I’m the sort of person that loves to learn. I want to make my life better and the life of those around me better too. What I’ve realised more and more however, is most people don’t care about what I have got to say. Nor for that matter do they care about what others have to say either!

You can hit them with every fact, every bit of proof, say everything objectively and it matters not.

All my advice is always backed up not only by experience, but by evidence if required – tangible facts, yet when faced with it, people will do as they like, as they see best. They will learn, if they want to learn at all, in their own way and in their own time.
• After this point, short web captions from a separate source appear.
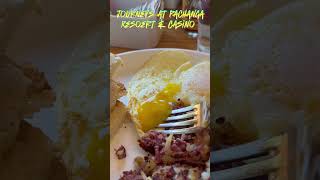 Journeys at Pachanga Casino amp Resort shorts food breakfast [upl. by Parnas]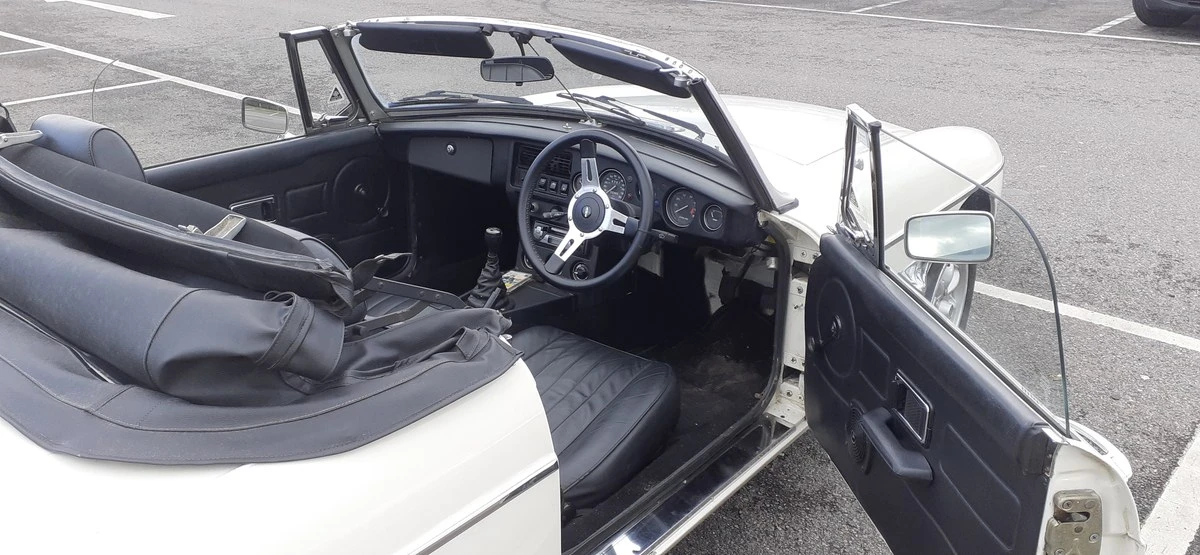 1977 MG MGB Roadster - Image 25 of 30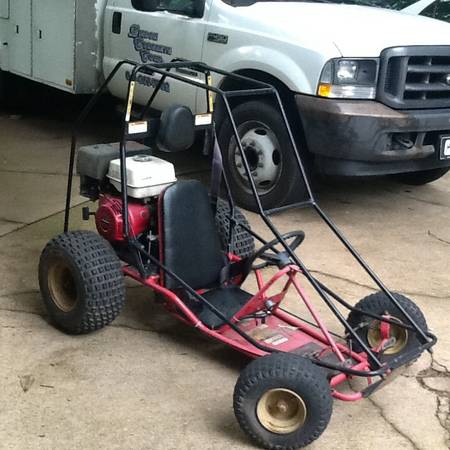 GO KART. RED FOX XLT Trade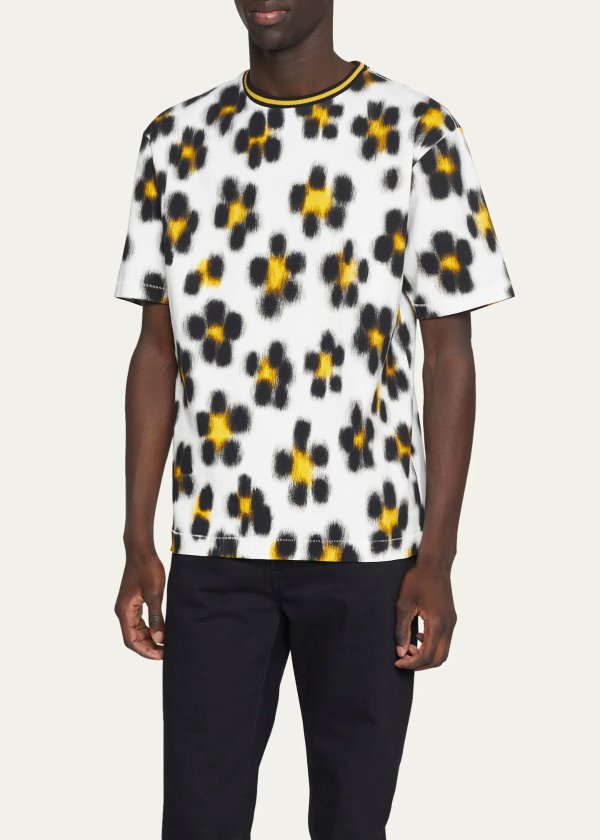 Men's Leopard Spots T-Shirt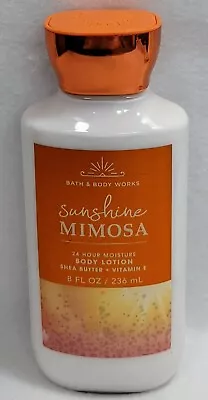 Bath And Body Works SUNSHINE MIMOSA Body Lotion 8 Fl Oz *NEW* Champage Citrus • $22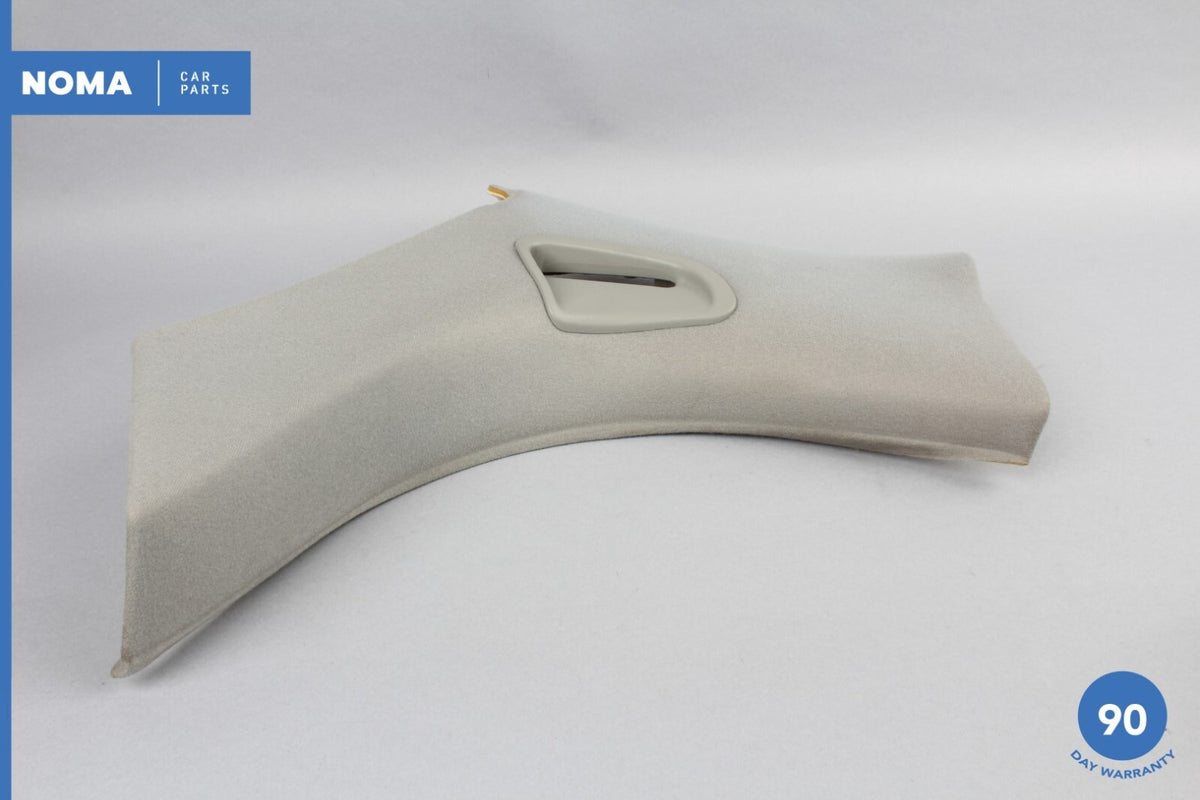 04-09 Jaguar XJ8 XJR X350 X358 Rear Left Driver Upper C Pillar Panel Trim OEM - photo 7
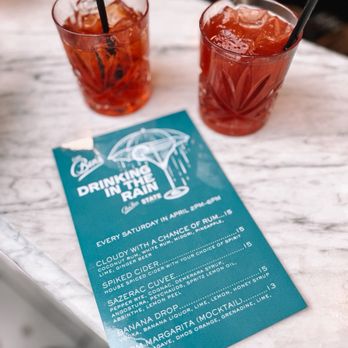 The State Hotel - Drinking in the Rain - Hotels Near Me - Seattle, Washington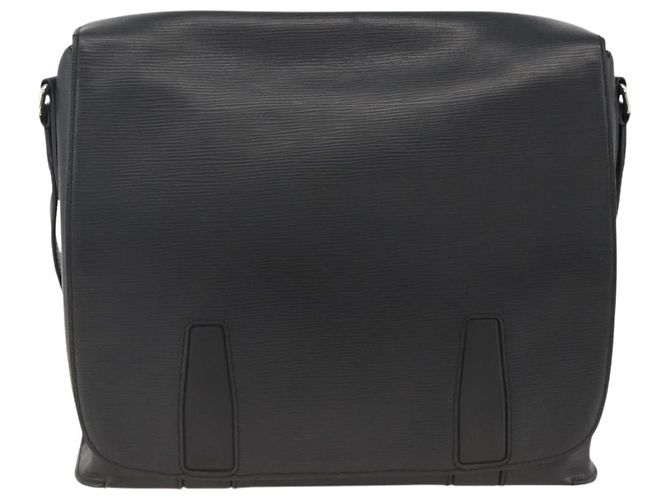 LOUIS VUITTON Epi Harrington Messenger MM Shoulder Bag Black M53409 - vista 13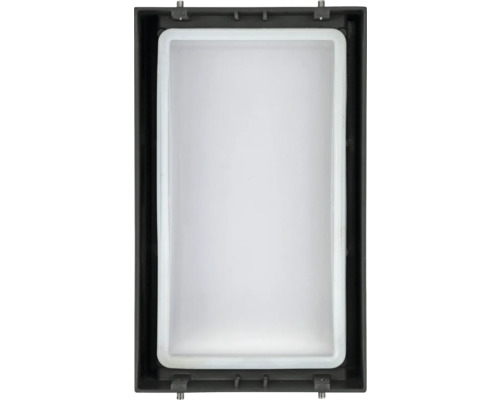 Obdélníkové venkovní nástěnné svítidlo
And as with most things in life there’s a beauty to that. You can’t push it or force it.

Learning is happening.

But there’s also a sadness to it too. You see people doing things that are going to harm them and others around them. You see them walking into traps and mistakes that will effect them for the rest of their lives. You plead and plead for them to see sense, but they simply can’t or won’t.

But I’ve done it too. Yet I’ve learned when I’ve gone through suffering. And for myself, a lot of suffering has become a catalyst to learn something that’s made me a better person.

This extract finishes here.